Start of INFORMATION

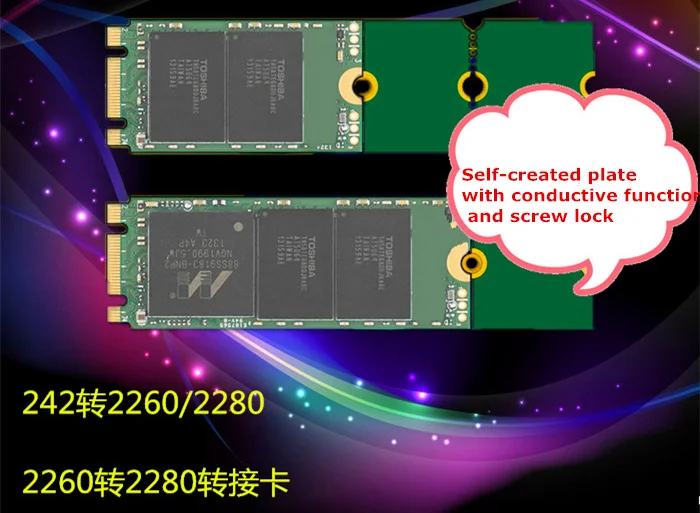 Твердотельный диск SSD 2 шт. для переходной карты M2 PCIE NGFF от 2242 до 2260/2280 Расширенный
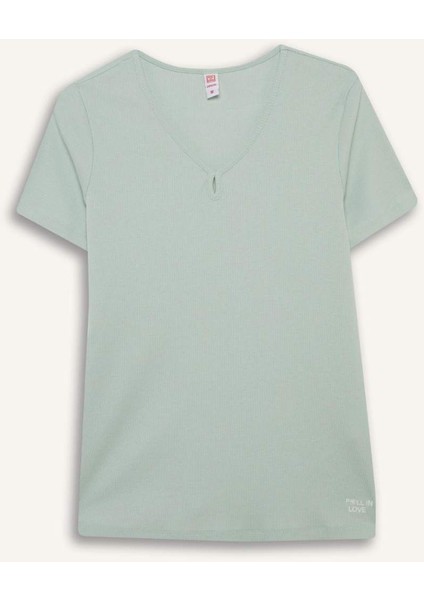 Regular Fit Pijama Takımı Kısa Kollu Üst Desenli Uzun Alt-Fall in Love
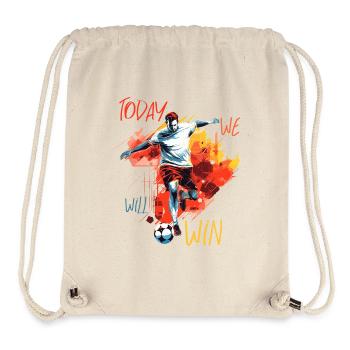 Action d’attaquant de football, citation de motivation - Sac à cordon recyclé Stanley/Stella - blanc naturel - Devant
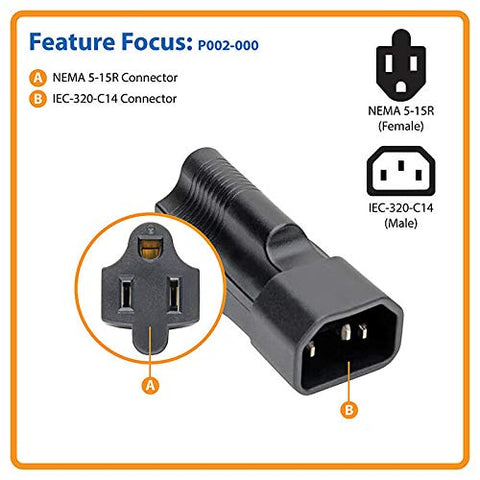 Tripp Lite Power Cord Adapter (NEMA 5-15R to C14 Adapter), 10A, 125V, Black (P002-000)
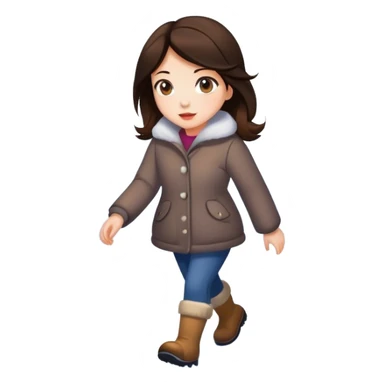 brunette walking in the snow sticker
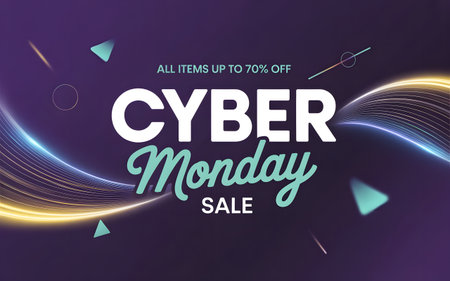 Cyber Monday Sale Poster. Vector Illustration. Abstract Background.の素材
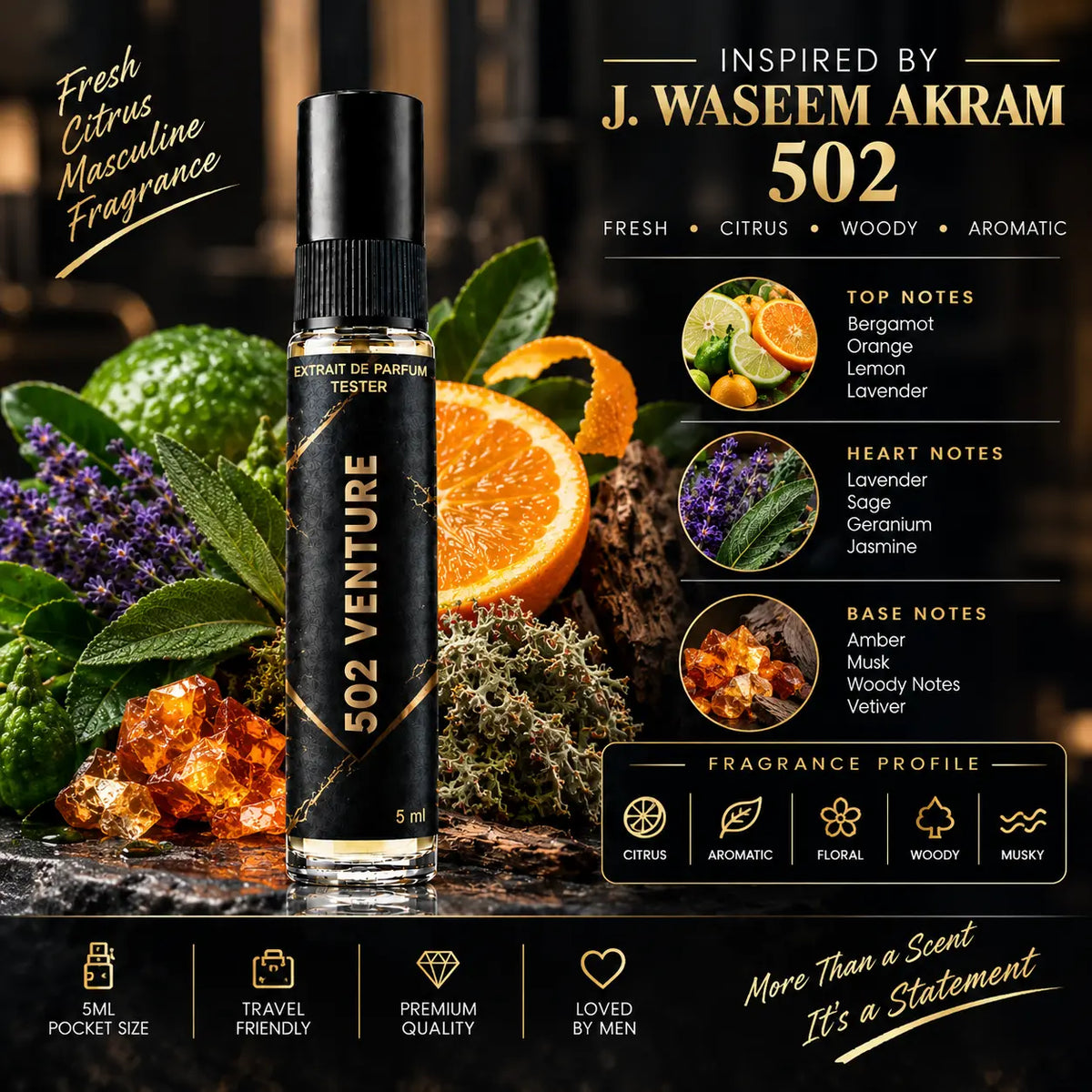 Impression of 502 Venture | 5ml Perfume Tester for Men | Fresh Citrus Woody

End of INFORMATION

» TASK ITEM
Excluding pictures, copy exactly the lines from the line containing "Regular Fit Pijama" through the last line of the data, inclusive.

» SOLUTION TO THIS TASK
 Regular Fit Pijama Takımı Kısa Kollu Üst Desenli Uzun Alt-Fall in Love
 Action d’attaquant de football, citation de motivation - Sac à cordon recyclé Stanley/Stella - blanc naturel - Devant
 Tripp Lite Power Cord Adapter (NEMA 5-15R to C14 Adapter), 10A, 125V, Black (P002-000)
 brunette walking in the snow sticker
 Cyber Monday Sale Poster. Vector Illustration. Abstract Background.の素材
 Impression of 502 Venture | 5ml Perfume Tester for Men | Fresh Citrus Woody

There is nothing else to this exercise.